▶ Task brief
Write the listing out once more, identical to the original but without pictures.

▶ Stored data
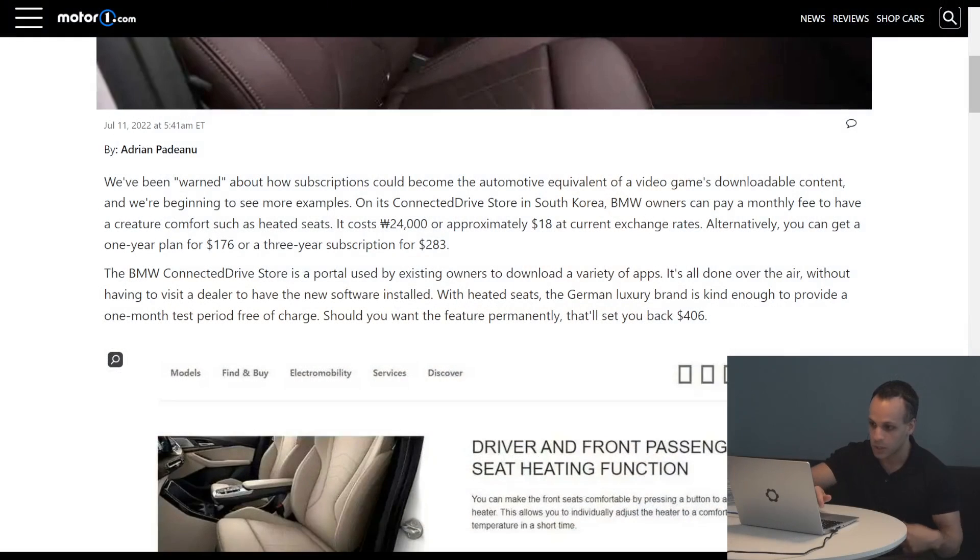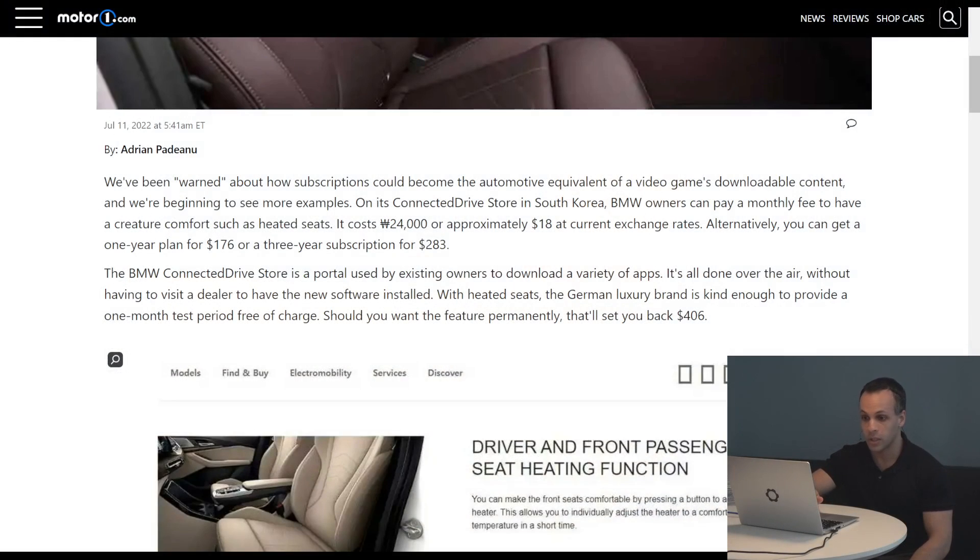So there's an $18 a month subscription for the heated seats when you do the current exchange rate. Alternatively, you can get a one year plan for $176 or if you really want to lock in the savings, a three year subscription for $283.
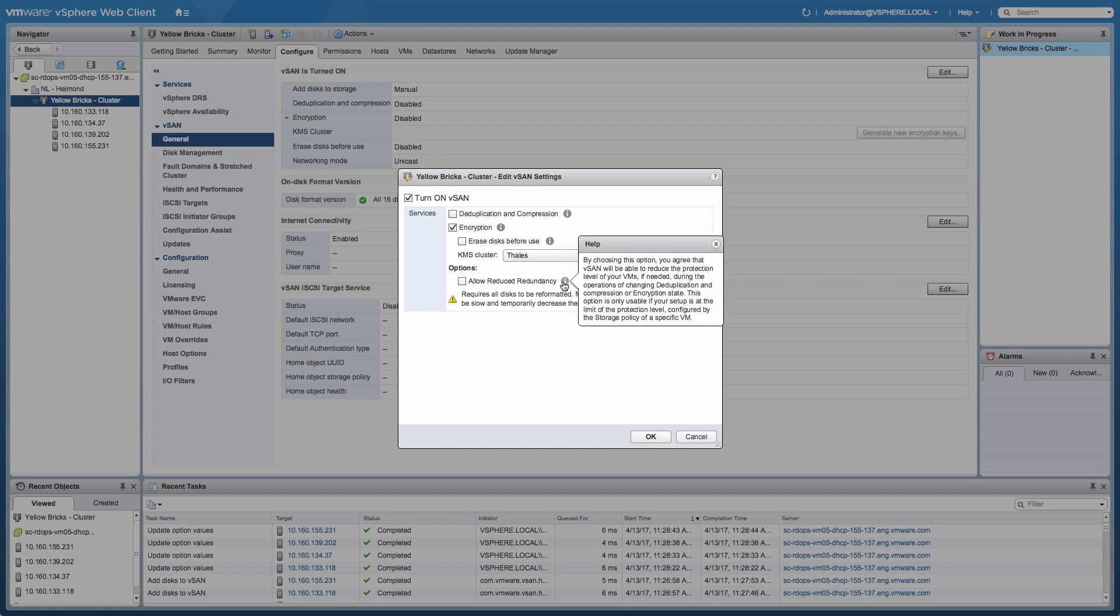The other thing that's also an option to use is allow reduced redundancy. Now, allow reduced redundancy is typically used in non-greenfield deployments. So in a situation where you already have VMs up and running, and you potentially don't have sufficient disk space to evacuate disk groups, to move all of the data of the disk groups to ensure that virtual machines are still compliant with their policy.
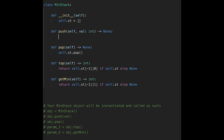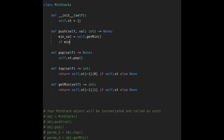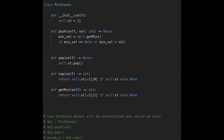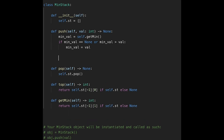Now let's implement push. min_val equals self.getMin(). If min_val is None or min_val is greater than the current value, then min_val is updated with the current value. Then we push the values into the stack: self.stack.append with the current value and the minimum value as a pair. That's it — let me submit it. Looks good!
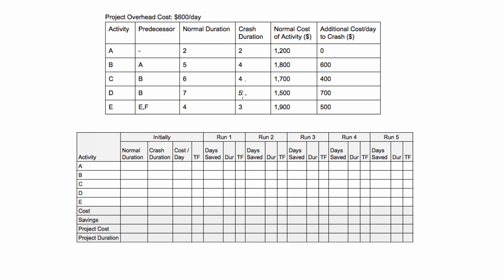This crash duration here is another important definition. Crash duration is the shortest possible duration that any given activity can be. In that case, activity A, we actually can't crash it because the shortest it can possibly be, no matter how many people we have working on it or whatever, it's already at its fastest possible duration. So we actually can't crash it, hence there's no additional cost to crash activity A.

▶ Answer section
So there's an $18 a month subscription for the heated seats when you do the current exchange rate. Alternatively, you can get a one year plan for $176 or if you really want to lock in the savings, a three year subscription for $283.
The other thing that's also an option to use is allow reduced redundancy. Now, allow reduced redundancy is typically used in non-greenfield deployments. So in a situation where you already have VMs up and running, and you potentially don't have sufficient disk space to evacuate disk groups, to move all of the data of the disk groups to ensure that virtual machines are still compliant with their policy.
Now let's implement push. min_val equals self.getMin(). If min_val is None or min_val is greater than the current value, then min_val is updated with the current value. Then we push the values into the stack: self.stack.append with the current value and the minimum value as a pair. That's it — let me submit it. Looks good!
This crash duration here is another important definition. Crash duration is the shortest possible duration that any given activity can be. In that case, activity A, we actually can't crash it because the shortest it can possibly be, no matter how many people we have working on it or whatever, it's already at its fastest possible duration. So we actually can't crash it, hence there's no additional cost to crash activity A.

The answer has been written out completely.